Offer bitcoin (BTC) as collateral to request a loan from a financial institution or the public sale of shares. That is the strategy being implemented by nine of the largest companies dedicated to digital mining in the United States and Canada.
The Bitcoin mining firm, Marathon Digital Holdings, obtained a revolving credit line of USD 100 million that was approved by the North American bank Silvergate Bank, as reported by CriptoNoticias this week.
This strategy of storing or hiding bitcoin has also been adopted by other listed mining firms, such as Riot, Bitfarms, Hut8, Greenidge, Argo, HIVE, Cleanspark and BIT Digital , as revealed by a report by The Block.
These nine companies have stored more than 20,000 bitcoins equivalent to USD 1 billion at the current price of the cryptocurrency on the market. Then, with their treasuries full of BTC, they have applied for a dollar loan or sold shares to pay utility bills, pre-order new equipment, or expand their facilities.
None of these companies plan to liquidating their bitcoins, on the contrary, they are betting that the price of the cryptocurrency will continue to rise . Therefore, they rely on the traditional financial system based on monetary issuance and inflationary pressure, to invest it in mining farms that extract bitcoin focused on scarcity.
Marathon, for example, will use its Silvergate Bank approved line of credit to finance the ASIC equipment it will receive soon to expand its fleet. The firm bought about 30,000 Antminer S19j Pro miners from the Chinese manufacturer Bitmain since plans to have around 133,000 machines operating by 2022 to bring its hash rate to 13.3 EH / s.
The dollar as a source of financing to mine more bitcoin
Argo Blockchain, for its part, offered as guarantee part of his bitcoin funds to obtain a $ 25 million loan from Galaxy Digital. The company will use the amount received to finance the expansion of its data center located in West Texas, and to meet its cash flow requirements, as reported by Argo in a statement.
The London-based firm also raised USD 112 million through a share sale. Argo has been collecting cash in recent months as the construction of a new bitcoin mining plant in West Texas is being planned , according to digital media reports.
Last month, the Canadian company Hut8 raised USD 150 million through a public offering of shares. The net proceeds of the offering will be used to support the growth of its business, including to finance capital investments in mining equipment and to increase its mining capacity.

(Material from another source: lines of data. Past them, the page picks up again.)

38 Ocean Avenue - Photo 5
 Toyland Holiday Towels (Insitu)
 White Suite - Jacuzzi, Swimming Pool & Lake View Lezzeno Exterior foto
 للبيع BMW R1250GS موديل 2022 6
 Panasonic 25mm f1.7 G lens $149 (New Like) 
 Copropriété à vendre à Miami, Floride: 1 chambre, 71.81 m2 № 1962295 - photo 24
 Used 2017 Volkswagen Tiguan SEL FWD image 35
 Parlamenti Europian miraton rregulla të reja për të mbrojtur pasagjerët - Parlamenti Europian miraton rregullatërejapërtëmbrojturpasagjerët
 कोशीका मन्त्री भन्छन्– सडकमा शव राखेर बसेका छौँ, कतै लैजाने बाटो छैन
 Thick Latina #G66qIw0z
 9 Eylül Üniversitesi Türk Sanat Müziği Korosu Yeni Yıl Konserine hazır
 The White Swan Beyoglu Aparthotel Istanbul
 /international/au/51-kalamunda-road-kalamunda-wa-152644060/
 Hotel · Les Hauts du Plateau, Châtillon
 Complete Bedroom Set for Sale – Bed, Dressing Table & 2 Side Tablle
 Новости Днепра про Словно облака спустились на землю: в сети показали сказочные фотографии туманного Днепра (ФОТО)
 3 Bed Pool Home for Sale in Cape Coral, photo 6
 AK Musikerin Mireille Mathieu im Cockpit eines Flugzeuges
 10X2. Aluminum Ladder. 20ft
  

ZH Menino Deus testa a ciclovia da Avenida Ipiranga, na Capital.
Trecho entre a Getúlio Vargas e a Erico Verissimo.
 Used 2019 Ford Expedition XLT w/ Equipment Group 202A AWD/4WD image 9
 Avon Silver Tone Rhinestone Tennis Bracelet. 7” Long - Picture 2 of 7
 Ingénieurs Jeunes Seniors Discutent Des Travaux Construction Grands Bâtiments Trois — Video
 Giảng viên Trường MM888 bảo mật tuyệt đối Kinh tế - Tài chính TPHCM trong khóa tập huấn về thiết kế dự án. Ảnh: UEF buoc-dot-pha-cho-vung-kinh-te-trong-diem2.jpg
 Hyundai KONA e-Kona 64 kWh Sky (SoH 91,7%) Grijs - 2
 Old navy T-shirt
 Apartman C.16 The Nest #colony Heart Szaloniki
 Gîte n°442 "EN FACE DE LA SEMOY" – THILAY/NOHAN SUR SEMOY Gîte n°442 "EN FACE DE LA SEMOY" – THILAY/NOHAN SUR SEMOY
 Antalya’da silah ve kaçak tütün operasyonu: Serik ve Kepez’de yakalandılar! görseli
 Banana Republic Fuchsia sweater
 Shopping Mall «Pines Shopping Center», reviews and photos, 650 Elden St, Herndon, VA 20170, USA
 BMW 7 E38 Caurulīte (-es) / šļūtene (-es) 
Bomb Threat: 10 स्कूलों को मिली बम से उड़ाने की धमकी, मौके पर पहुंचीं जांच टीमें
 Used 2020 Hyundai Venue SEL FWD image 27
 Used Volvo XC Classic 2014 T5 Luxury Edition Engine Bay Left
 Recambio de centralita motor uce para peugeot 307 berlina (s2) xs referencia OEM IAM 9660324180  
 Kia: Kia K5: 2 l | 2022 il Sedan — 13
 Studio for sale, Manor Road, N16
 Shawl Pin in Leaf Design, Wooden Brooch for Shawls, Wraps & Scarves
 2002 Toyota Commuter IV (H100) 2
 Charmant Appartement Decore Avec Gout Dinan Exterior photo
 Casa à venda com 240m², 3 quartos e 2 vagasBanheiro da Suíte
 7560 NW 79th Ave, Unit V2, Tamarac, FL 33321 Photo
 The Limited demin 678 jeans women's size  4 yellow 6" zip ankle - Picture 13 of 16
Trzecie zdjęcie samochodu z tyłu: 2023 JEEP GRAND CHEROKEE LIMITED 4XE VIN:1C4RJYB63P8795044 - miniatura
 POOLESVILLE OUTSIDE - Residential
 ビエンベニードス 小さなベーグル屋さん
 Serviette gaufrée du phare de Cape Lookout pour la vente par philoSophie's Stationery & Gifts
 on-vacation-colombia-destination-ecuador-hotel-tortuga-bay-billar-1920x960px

BIT Digital, for its part recently closed a private placement of USD 80 million . The company plans to raise its hash rate and other actions focused on its growth.
At the beginning of the year, Bitfarms raised $ 30 million in a private placement of US institutions. The mining firm is deploying “capital to upgrade its fleet, open new facilities and embark on our global expansion,” as CEO Emiliano Grodzki reported on Twitter.
Vancouver-based Hive also expanded and upgraded its mining equipment for a $ 100 million financing program. For its part, Cleanspark, which is listed on the Nasdaq, raised USD 200 million in a public offering by entering the bitcoin mining ecosystem.
For Michael Saylor “the game has changed”
In September Riot did not sell any of its newly mined bitcoins. So much so that his reports caught the attention of MicroStrategy CEO Michael Saylor, who tweeted: “Riot Blockchain mined 406 BTC, sold none of its production, and ended the month with 3,534 BTC on its balance sheet. Publicly traded Bitcoin miners are not selling their bitcoins, they are hoarding. The game has changed. ”
This company also followed the strategy of financing itself in dollars. In 2019, it raised USD 3 million from a syndicate of moneylenders.
It is natural that the strategy that these nine mining companies are implementing captures the attention of Michael Saylor. Last July, the CEO of MicroStrategy revealed that holding bitcoin and basing spending on dollars is precisely the corporate strategy of the company he runs .
So the way MicroStrategy handles volatility is by making sure it has enough dollars to pay for business expenses for the next 12 months. This with the idea of having a margin of action, without having to liquidate their holdings in bitcoin , especially when the market is bearish and the cryptocurrency loses value.